Può essere curioso segnalare che l’opinione pubblica sembra aver recepito questo nuovo testimone come prova di una certa “furbizia” di Galileo, che smussa toni e aggettivi per evitare guai peggiori. In realtà, le correzioni apportate rendono il testo più preciso e oggettivo e non esprimono compromessi o cedimenti, né indicano strategie politiche. Non sembra averlo compreso l’articolo apparso sulla rivista Nature subito dopo il ritrovamento per darne notizia al grande pubblico, che titolava: Discovery of Galileo’s long-lost letter shows he edited his heretical ideas to fool the Inquisition. In realtà, Galileo non si propose di raggirare l’Inquisizione e la dizione impiegata dall’articolista è storicamente inesatta. In una dichiarazione preparata da alcuni consultori del Sant’Uffizio, datata 24 febbraio 1616, si diceva in effetti che “l’immobilità del sole era ritenuta formalmente eretica e la mobilità della terra “almeno erronea nella fede”. Tuttavia, il plenum della Congregazione del Santo Uffizio, presieduto dal Papa Paolo V, non convalidò mai tale giudizio, in quanto non possediamo alcun atto pubblico che lo formalizzasse. Esso resta solo il risultato del parere richiesto ai consultori.

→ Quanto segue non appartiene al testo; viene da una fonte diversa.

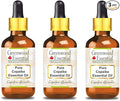 Greenwood Essential Pure Copaiba Essential Oil (Copaifera officinalis) with Glass Dropper Steam Distilled (Pack of Three) 100ml X 3 (10.1oz)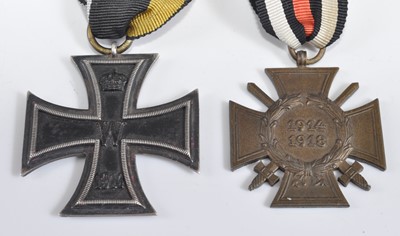 Lot 302 - An Imperial German 1914 Iron Cross, 2nd class,...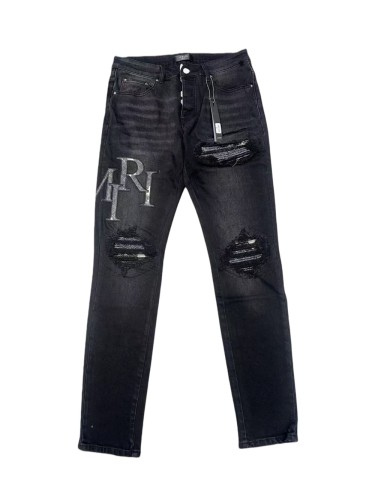 [Buy One Get One Free]1:1 quality version Messy Pattern Logo Embroidered Jeans 28648681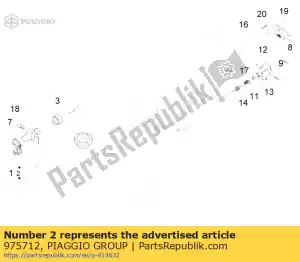 Piaggio Group 975712 clé vierge - La partie au fond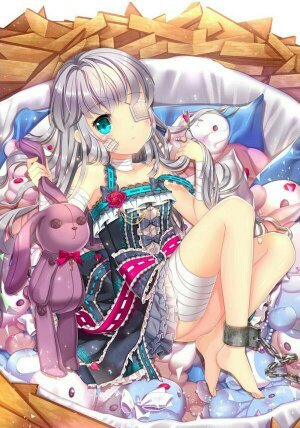 H-hello.. I'm Kirika--And this is my childhool friend, Rika (a doll) N-nice too meet you [Mun!Talk] More? Cek fav!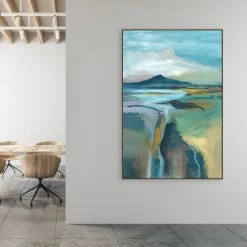 L ART "CREVASSE" CANVAS ART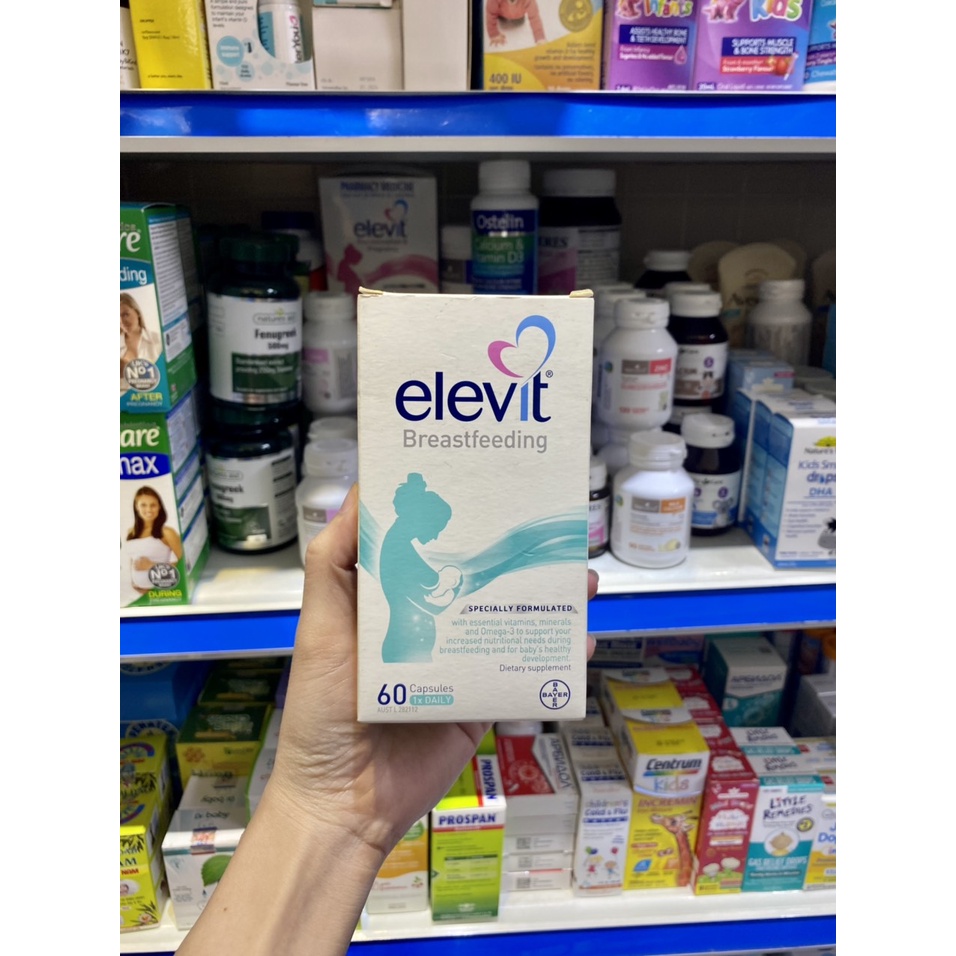Elevit Bú - Elevit Sau Sinh - Elevit Breastfeeding 60 viên-Úc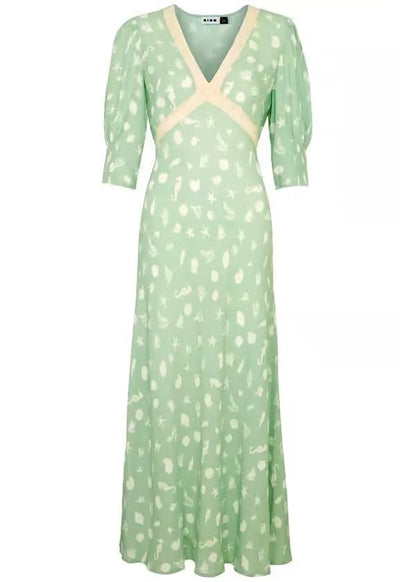 Gemma Lace-Trimmed Dress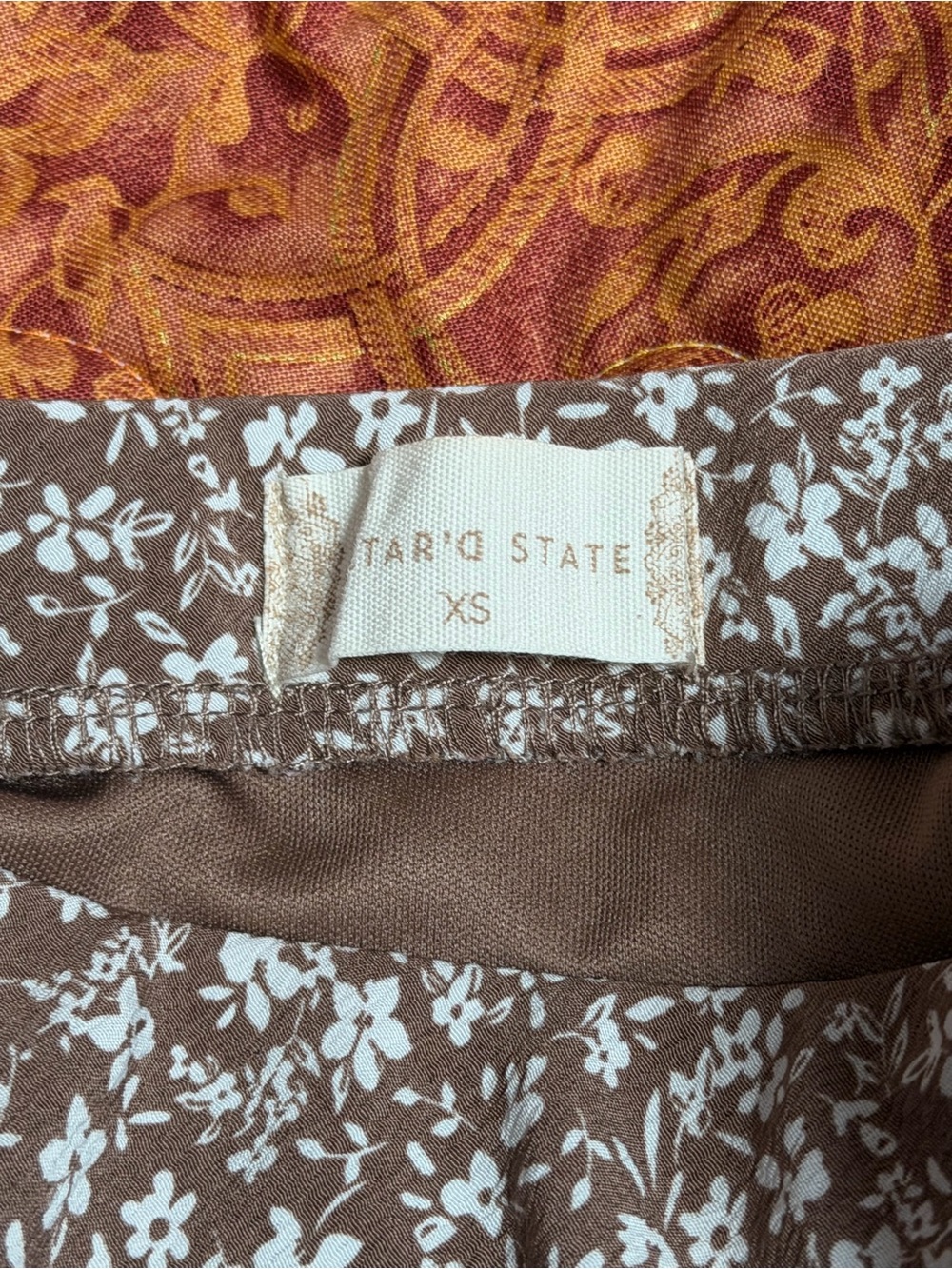 Altar'd State Brown Floral Maxi Skirt - Picture 4 of 4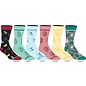 Bioworld Socks - Harry Potter - The Four Houses Crests Pastel Pack of 6 Pairs Crew
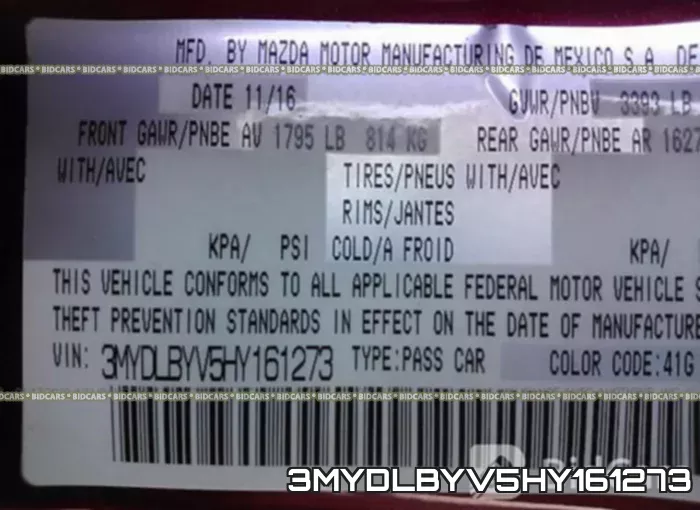 3MYDLBYV5HY161273 фото 10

Le decisioni storicamente accertate di Paolo V furono semplicemente due: un’ammonizione personale di Galileo comminatagli attraverso il cardinale Bellarmino, che ingiunse allo scienziato di insegnare l’eliocentrismo solo ex suppositione e non come situazione fisica realmente dimostrata; e inoltre l’introduzione nell’Indice dei libri proibiti di alcuni testi che sostenevano il copernicanesimo, fra cui il De Revolutionibus orbium coelestium dello stesso Copernico. Sulla storia del Decreto del 1616 e i commenti alle vicende che lo determinarono, il lettore potrà consultare lo “Speciale” pubblicato su questo Portale in occasione del IV Centenario del Decreto.